Reputation: 873
Normally I live in my guarded world of C#. But sometimes I have to break out and do something outside.
At the moment I have to decode an audiostream and have to output this directly in my c++ console application.
If I write the content into a file, I can hear the correct result. But if I use instead of a fstream cout, I get only a noisy sound.
How I have to do it correct? Here the working filestream code:
fstream wavefile;
wavefile.open(output, ios::out | ios::binary | ios::trunc);
//do something
wavefile.write((char*) &waveheader, waveheadersize);
//do something else
do {
//do something
//decodedBuffer is of type BYTE* , decodedLength is of type DWORD
wavefile.write((char*) decodedBuffer, decodedLength);
wavefile.flush();
} while (encodedLength > 0);
My not working cout code:
std::cout.setf(ios::out | ios::binary | ios::trunc);
//do something
//this works, I got the same output
cout << structToString(&waveheader) << endl;
//do something else
do {
//do something
cout << (char *)decodedBuffer;
} while (encodedLength > 0);
Thanks in advance
Upvotes: 4
Views: 2567
Reputation: 45664
First, there is absolutely no reason to use different code for a std::fstream
and for std::cout
(Beside which, your cout
-code uses formatted output, and wrong):
You are using their ostream
-interface in both cases.
So, first things first, repair the second code (as far as possible) by replacing it with the first.

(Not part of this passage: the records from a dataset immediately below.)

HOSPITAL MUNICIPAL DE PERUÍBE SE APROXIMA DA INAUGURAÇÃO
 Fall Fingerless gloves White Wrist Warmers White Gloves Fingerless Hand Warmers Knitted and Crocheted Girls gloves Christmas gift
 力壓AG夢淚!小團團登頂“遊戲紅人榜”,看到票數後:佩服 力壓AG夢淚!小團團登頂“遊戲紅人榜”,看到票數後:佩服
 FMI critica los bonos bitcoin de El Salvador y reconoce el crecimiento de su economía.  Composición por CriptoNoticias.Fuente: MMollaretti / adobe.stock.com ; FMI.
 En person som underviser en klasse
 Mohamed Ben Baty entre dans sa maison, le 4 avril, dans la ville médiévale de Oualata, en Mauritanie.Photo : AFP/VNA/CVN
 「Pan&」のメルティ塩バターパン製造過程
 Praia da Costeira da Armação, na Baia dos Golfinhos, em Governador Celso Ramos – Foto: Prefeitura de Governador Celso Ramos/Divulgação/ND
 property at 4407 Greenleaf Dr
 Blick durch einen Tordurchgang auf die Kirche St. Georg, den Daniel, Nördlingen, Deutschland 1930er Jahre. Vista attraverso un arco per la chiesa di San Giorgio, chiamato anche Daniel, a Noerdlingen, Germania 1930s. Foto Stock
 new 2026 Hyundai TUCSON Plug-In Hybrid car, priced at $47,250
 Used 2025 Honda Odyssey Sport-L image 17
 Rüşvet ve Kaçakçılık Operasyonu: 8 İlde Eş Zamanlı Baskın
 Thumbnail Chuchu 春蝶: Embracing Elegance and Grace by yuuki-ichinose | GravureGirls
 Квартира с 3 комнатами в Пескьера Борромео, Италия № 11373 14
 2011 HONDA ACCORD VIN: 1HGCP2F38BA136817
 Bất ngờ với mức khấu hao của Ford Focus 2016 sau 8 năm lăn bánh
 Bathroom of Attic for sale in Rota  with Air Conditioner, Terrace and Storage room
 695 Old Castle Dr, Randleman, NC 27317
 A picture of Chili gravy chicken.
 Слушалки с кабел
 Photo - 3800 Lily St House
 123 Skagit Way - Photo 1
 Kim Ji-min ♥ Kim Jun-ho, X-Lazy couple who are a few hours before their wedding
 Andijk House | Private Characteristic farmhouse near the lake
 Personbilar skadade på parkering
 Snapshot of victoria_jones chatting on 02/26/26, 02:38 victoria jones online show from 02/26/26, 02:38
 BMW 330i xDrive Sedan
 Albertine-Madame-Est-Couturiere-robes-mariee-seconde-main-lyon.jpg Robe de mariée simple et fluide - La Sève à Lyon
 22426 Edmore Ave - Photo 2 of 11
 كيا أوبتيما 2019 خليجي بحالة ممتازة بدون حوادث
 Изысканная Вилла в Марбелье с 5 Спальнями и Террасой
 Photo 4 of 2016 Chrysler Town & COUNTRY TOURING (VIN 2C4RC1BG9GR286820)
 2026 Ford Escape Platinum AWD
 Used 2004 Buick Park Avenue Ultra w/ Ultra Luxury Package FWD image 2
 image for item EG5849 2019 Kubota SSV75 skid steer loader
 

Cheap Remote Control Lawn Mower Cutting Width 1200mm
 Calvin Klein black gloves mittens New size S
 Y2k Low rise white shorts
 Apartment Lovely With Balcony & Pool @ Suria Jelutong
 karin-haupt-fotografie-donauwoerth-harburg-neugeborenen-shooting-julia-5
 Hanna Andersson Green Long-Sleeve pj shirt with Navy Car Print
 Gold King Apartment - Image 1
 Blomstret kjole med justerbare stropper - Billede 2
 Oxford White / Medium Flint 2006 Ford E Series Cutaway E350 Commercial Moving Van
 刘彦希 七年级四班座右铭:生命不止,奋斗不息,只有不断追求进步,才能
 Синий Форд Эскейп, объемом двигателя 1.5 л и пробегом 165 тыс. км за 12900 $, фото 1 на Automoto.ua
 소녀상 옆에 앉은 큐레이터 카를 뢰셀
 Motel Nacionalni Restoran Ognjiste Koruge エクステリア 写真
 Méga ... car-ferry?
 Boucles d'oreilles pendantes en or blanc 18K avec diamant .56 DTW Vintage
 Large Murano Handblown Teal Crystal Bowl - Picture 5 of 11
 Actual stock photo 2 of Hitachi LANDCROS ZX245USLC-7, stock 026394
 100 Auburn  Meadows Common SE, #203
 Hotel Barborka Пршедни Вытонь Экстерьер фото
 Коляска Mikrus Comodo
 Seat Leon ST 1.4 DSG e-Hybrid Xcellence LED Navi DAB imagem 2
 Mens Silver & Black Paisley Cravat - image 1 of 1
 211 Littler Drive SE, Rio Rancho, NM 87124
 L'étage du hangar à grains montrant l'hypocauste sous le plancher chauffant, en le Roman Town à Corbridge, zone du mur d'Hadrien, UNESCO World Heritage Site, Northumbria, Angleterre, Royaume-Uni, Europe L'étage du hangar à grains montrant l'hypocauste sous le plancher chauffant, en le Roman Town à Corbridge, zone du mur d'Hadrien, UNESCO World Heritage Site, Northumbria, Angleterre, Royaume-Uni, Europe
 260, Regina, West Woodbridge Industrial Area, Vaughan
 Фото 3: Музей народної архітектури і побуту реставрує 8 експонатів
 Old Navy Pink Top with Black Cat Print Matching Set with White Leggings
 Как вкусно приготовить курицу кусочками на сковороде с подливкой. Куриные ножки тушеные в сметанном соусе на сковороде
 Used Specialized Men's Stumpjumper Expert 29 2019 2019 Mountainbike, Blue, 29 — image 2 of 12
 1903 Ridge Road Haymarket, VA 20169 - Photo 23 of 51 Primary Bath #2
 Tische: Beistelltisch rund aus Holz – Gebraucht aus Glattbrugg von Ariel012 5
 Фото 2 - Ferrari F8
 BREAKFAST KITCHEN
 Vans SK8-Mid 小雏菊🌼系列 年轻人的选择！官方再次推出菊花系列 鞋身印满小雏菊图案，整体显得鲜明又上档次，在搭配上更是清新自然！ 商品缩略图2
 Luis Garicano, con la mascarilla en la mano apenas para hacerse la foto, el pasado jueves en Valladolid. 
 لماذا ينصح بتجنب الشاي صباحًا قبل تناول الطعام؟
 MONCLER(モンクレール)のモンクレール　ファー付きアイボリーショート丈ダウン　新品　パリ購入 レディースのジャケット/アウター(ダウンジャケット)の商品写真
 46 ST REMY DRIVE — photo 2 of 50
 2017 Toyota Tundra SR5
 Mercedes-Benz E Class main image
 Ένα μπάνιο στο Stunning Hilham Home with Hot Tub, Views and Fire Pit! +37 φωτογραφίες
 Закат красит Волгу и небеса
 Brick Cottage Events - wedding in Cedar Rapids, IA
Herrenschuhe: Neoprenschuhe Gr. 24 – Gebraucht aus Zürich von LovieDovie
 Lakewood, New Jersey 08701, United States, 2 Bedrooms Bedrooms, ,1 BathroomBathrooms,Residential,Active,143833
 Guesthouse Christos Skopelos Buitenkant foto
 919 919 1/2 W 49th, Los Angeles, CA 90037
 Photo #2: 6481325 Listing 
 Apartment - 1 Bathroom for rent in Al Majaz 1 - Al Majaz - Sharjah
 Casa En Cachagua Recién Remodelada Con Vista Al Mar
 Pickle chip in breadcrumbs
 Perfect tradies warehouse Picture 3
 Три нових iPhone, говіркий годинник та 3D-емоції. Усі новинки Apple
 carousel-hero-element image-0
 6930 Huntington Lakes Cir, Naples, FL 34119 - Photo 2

Now, we come to the one difference (which you tried to paper over with setf
): std::cout
is in text-mode, not binary mode!
Unfortunately, none of ios::out
, ios::binary
and ios::trunc
are formatting-flags, so you cannot set them with setf
.
Actually, the mode cannot be changed at all after the fact (at least not portably).
Fortunately, you can simply ignore having the wrong mode on many systems, as Linux and others equate textmode and binary-mode. On windows, this hack should get you around it:
cout.flush();
fflush(stdout);
_setmode(_fileno(stdout), _O_BINARY);
Upvotes: 5
Reputation: 153919
The simple answer is that you can't. You need to output in
binary mode. The mode is selected, once and for all, when you
open the file, and std::cout
is always opened in text mode.
Since you're just writing a block of bytes, the simplest
solution is to use the system level requests. Under Windows,
for example, you can use GetStdHandle( STD_OUTPUT_HANDLE )
to
get the handle to standard out, and WriteFile
to write a block
of bytes to it. (Under Unix, the file descriptor for standard
out is always 1
, and the function is write
. But since there
is no difference between text mode and binary mode under Unix,
I assume that this isn't your case.)
Upvotes: 1
Reputation: 895
Try this,
std::cout.write(reinterpret_cast<char*>(decodedBuffer), decodedLength);
But I am not sure if structToString(&waveheader) work correctly, but you seem okay with it.